» WHAT IS EXPECTED
Start the copy at the line containing "Conteneur maritime aménagé" and run it through the last line of the records. Repeat each line exactly; omit pictures.
_____
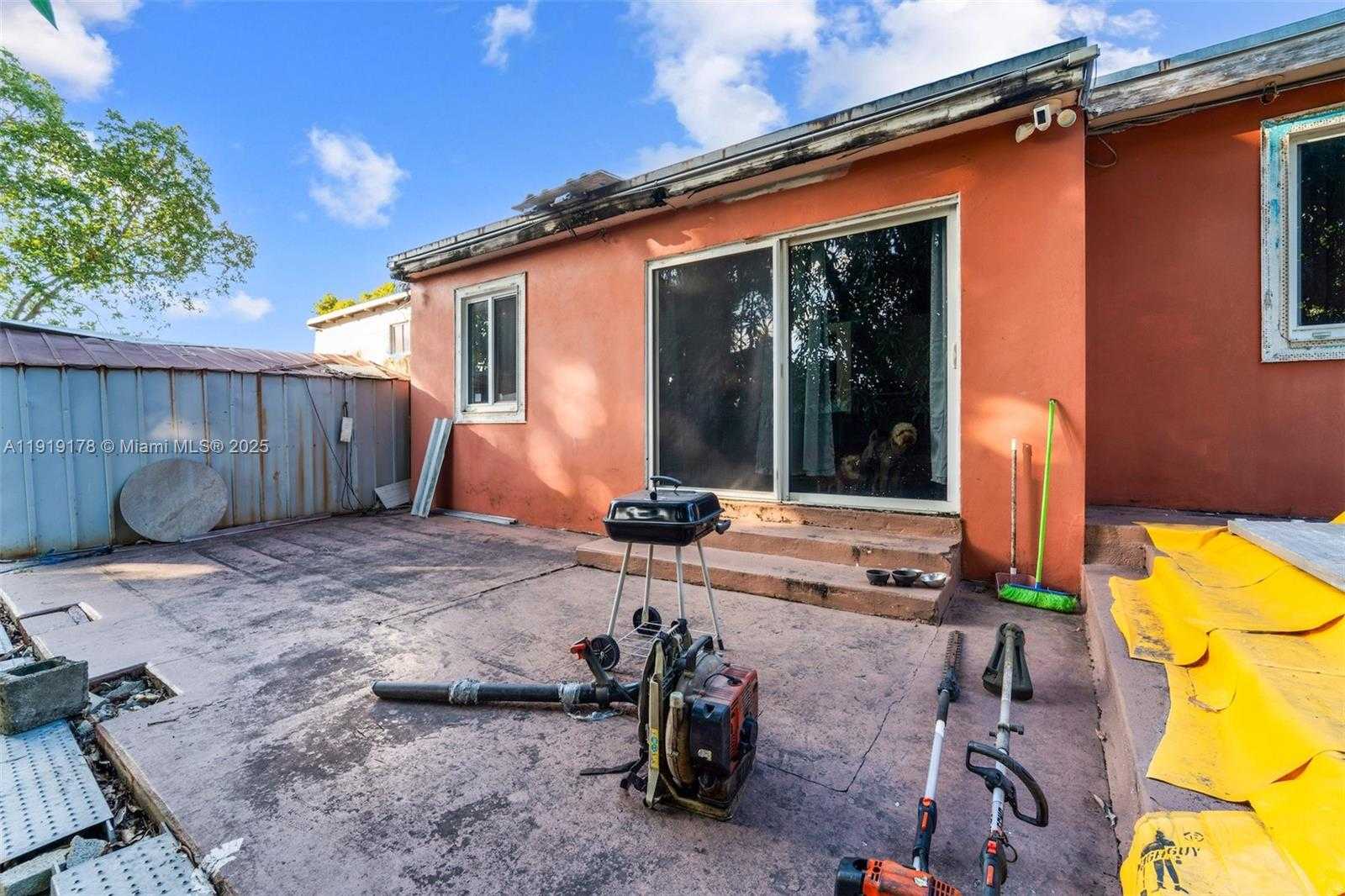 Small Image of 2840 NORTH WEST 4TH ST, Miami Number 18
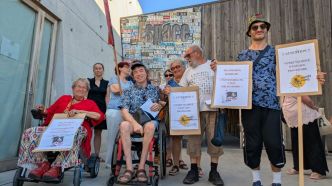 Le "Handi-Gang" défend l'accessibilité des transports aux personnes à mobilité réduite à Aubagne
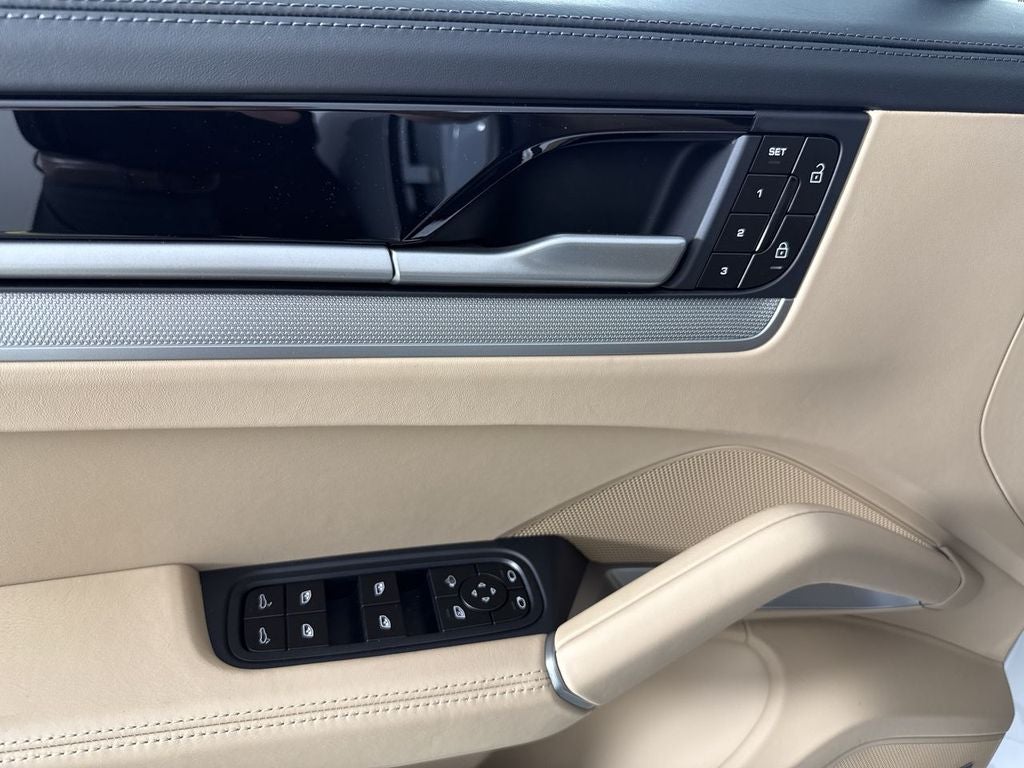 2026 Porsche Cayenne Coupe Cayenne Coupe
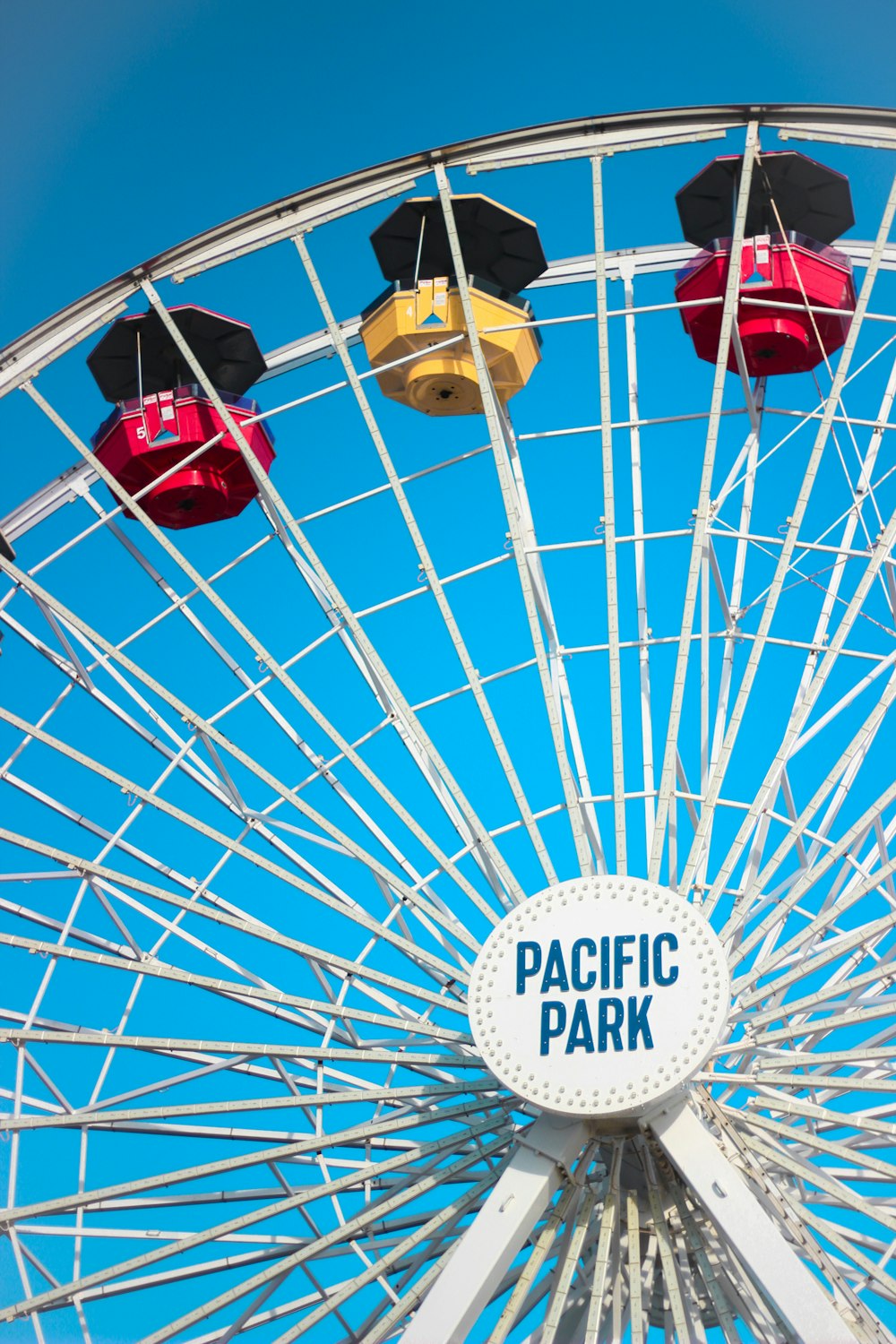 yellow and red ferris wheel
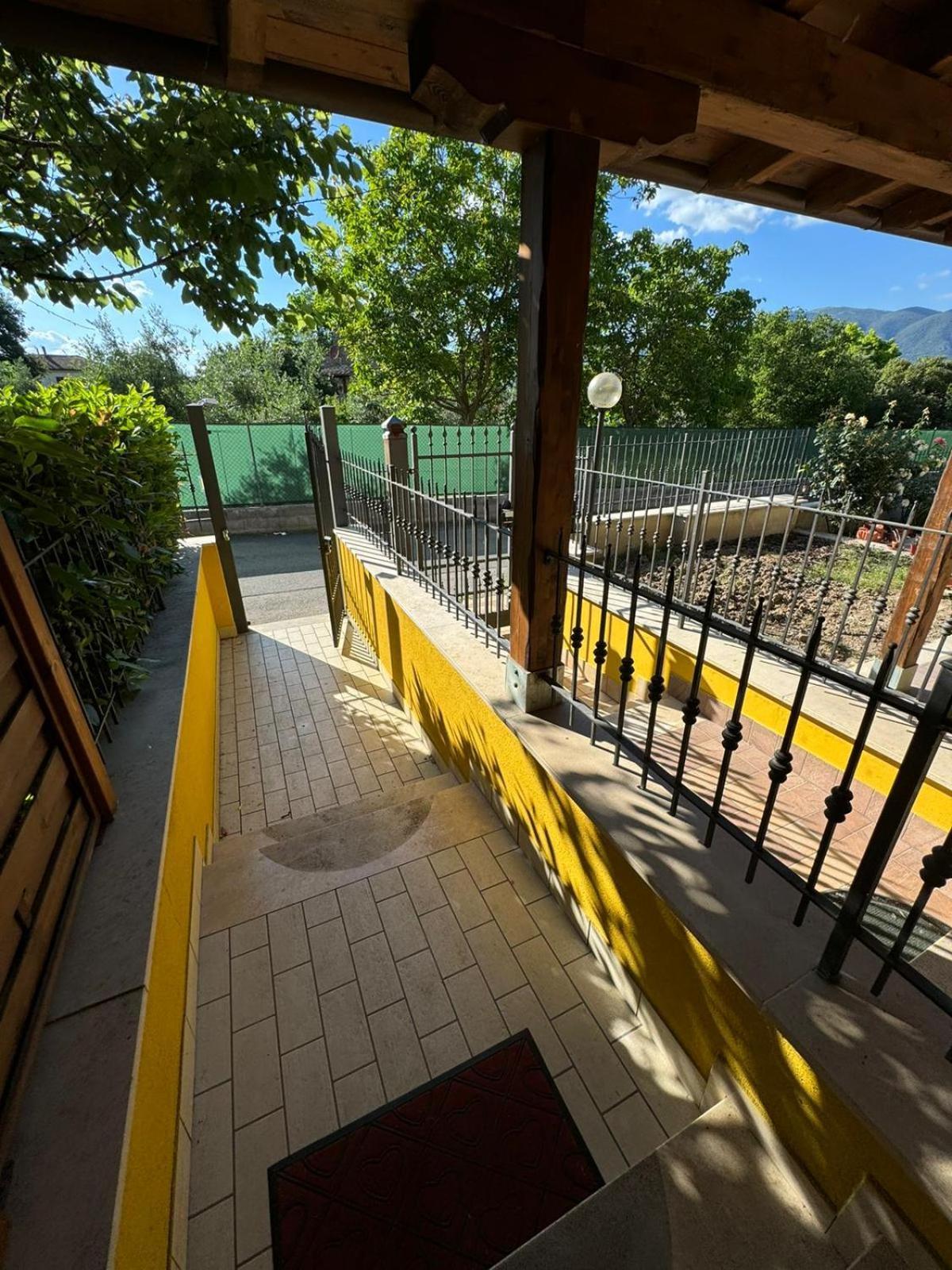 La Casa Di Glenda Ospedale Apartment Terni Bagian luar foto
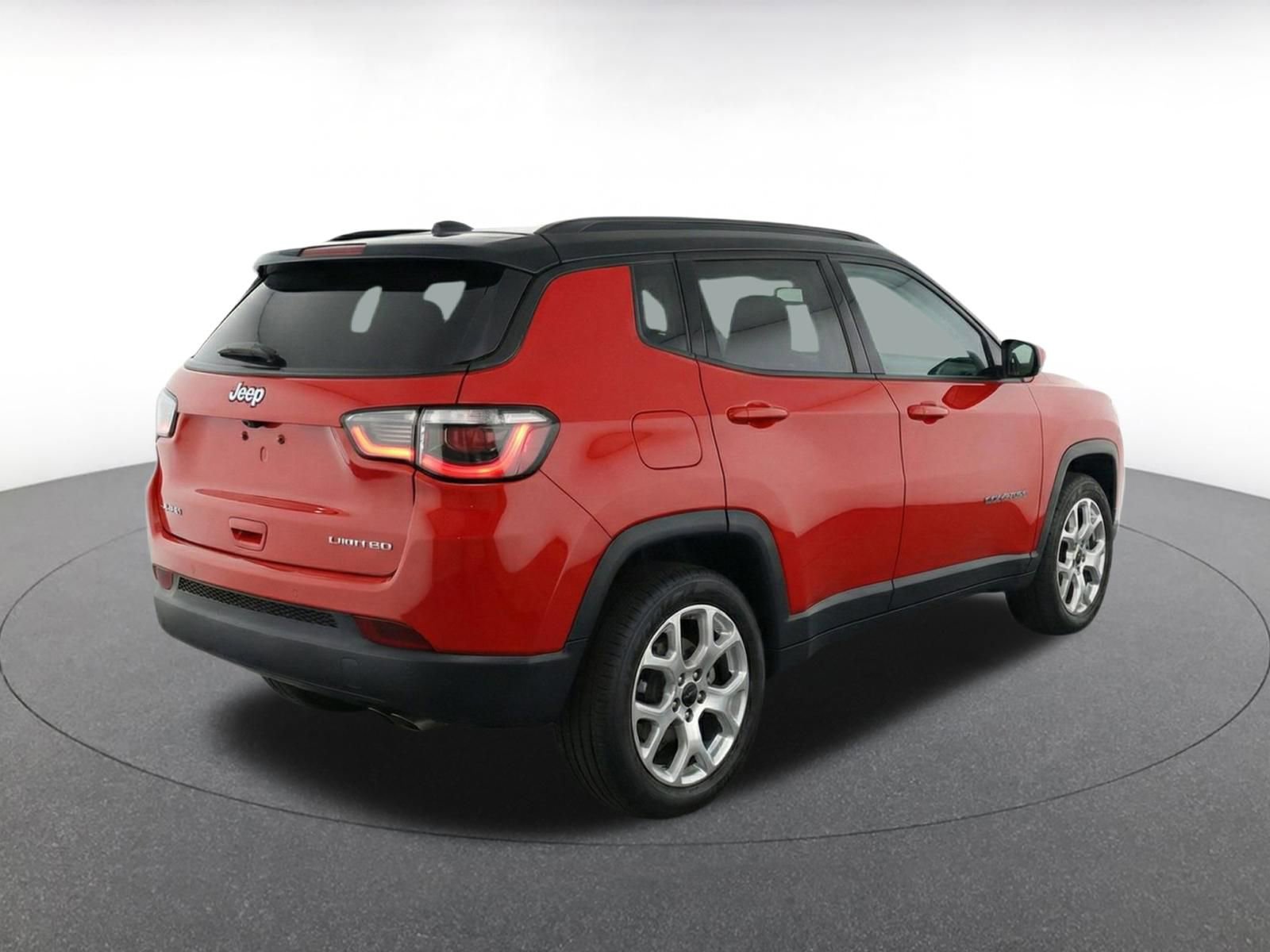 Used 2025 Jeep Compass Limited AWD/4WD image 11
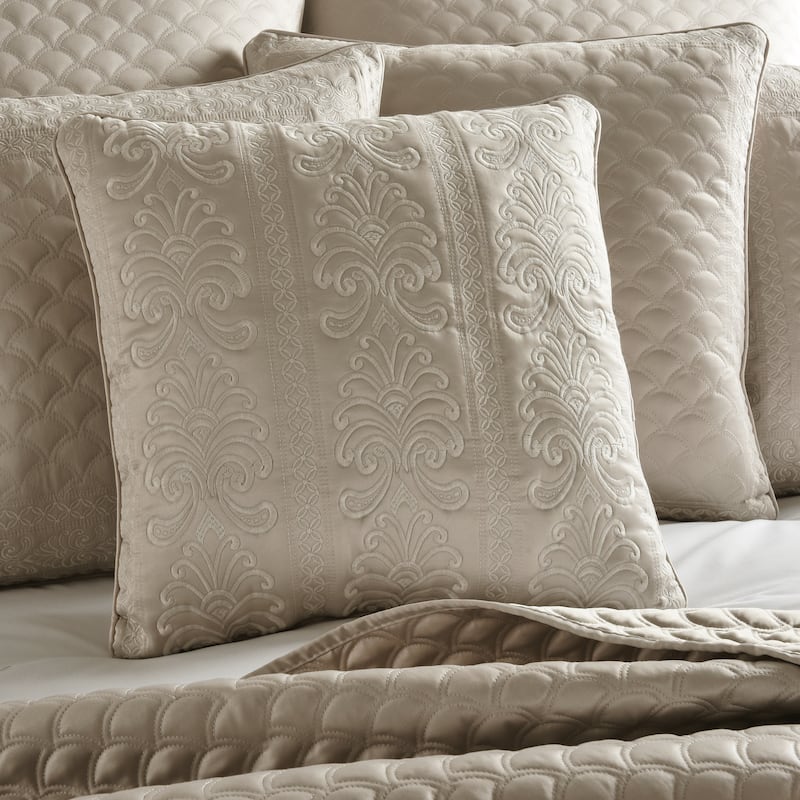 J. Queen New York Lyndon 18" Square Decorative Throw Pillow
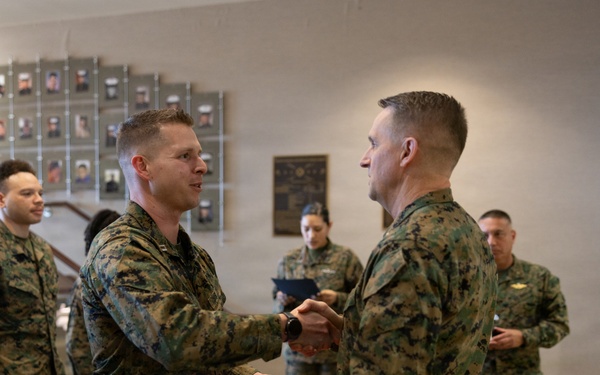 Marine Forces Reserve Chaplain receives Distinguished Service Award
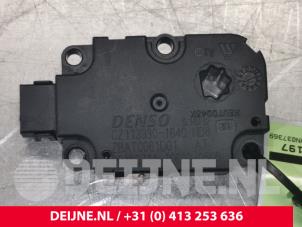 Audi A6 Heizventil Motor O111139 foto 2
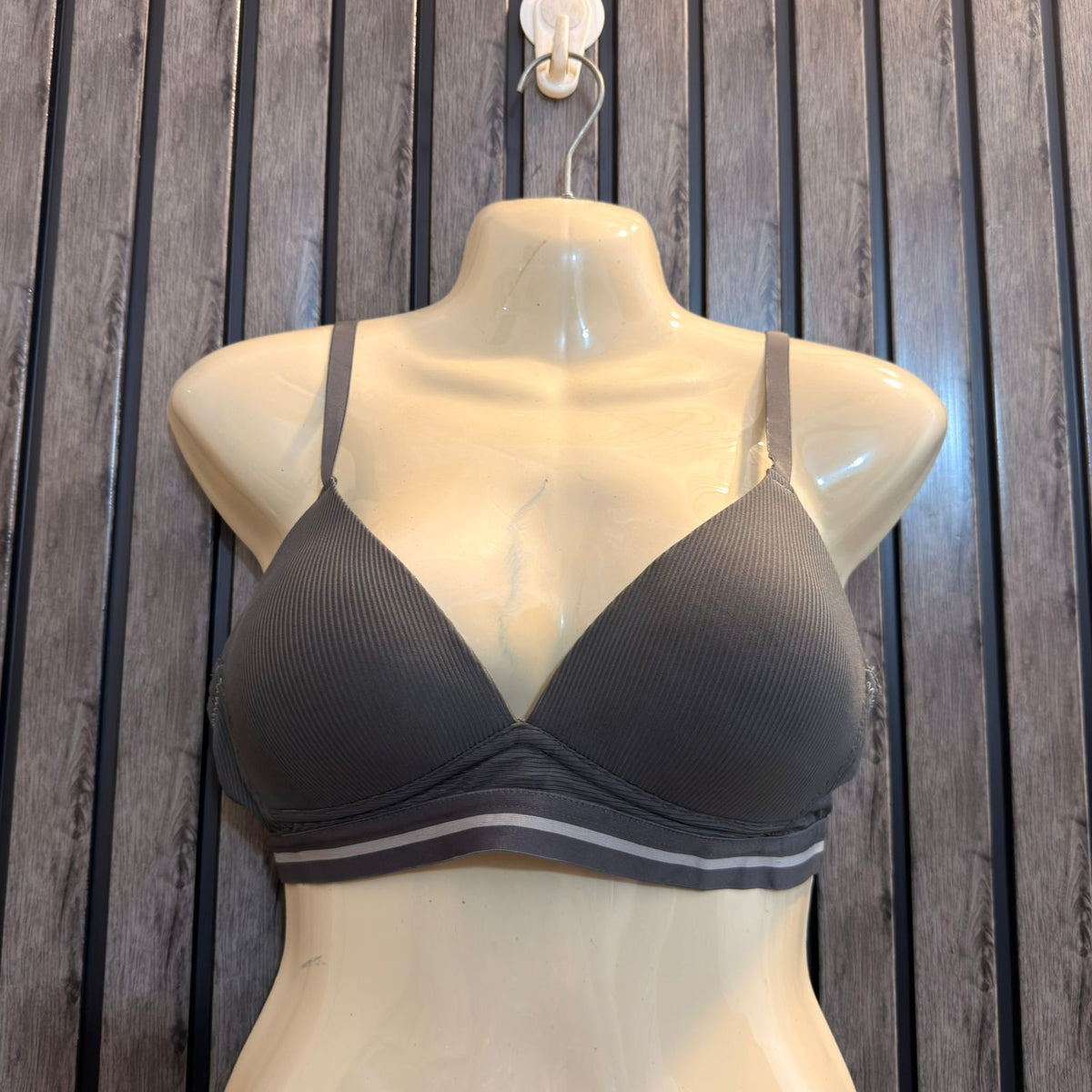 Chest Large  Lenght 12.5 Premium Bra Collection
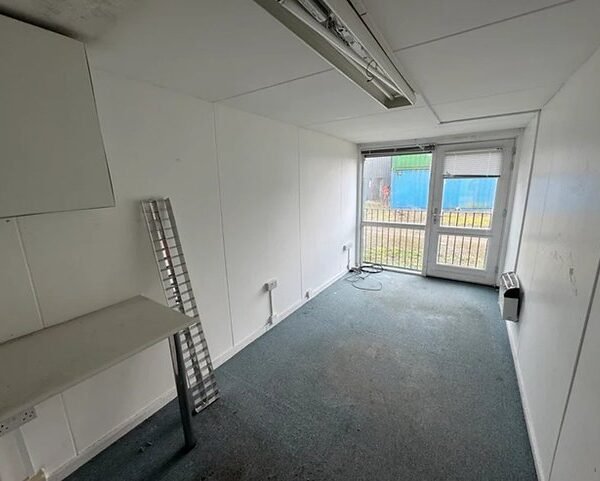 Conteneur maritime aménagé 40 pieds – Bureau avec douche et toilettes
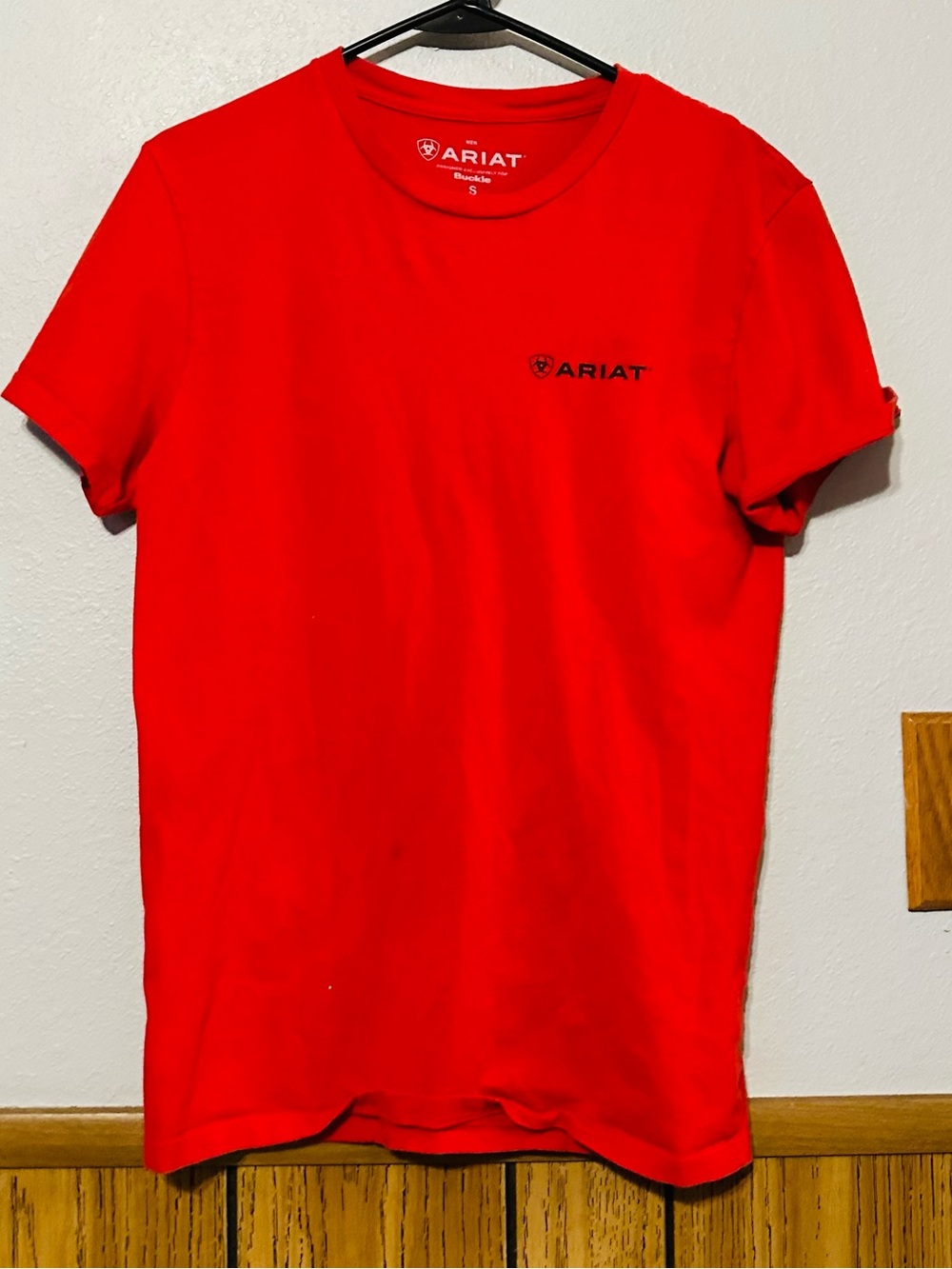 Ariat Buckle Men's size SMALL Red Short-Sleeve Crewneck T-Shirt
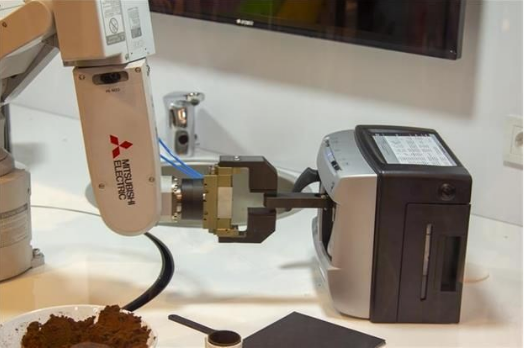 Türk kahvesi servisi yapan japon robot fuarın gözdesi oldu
_____
» THE ANSWER
 Conteneur maritime aménagé 40 pieds – Bureau avec douche et toilettes
 Ariat Buckle Men's size SMALL Red Short-Sleeve Crewneck T-Shirt
 Türk kahvesi servisi yapan japon robot fuarın gözdesi oldu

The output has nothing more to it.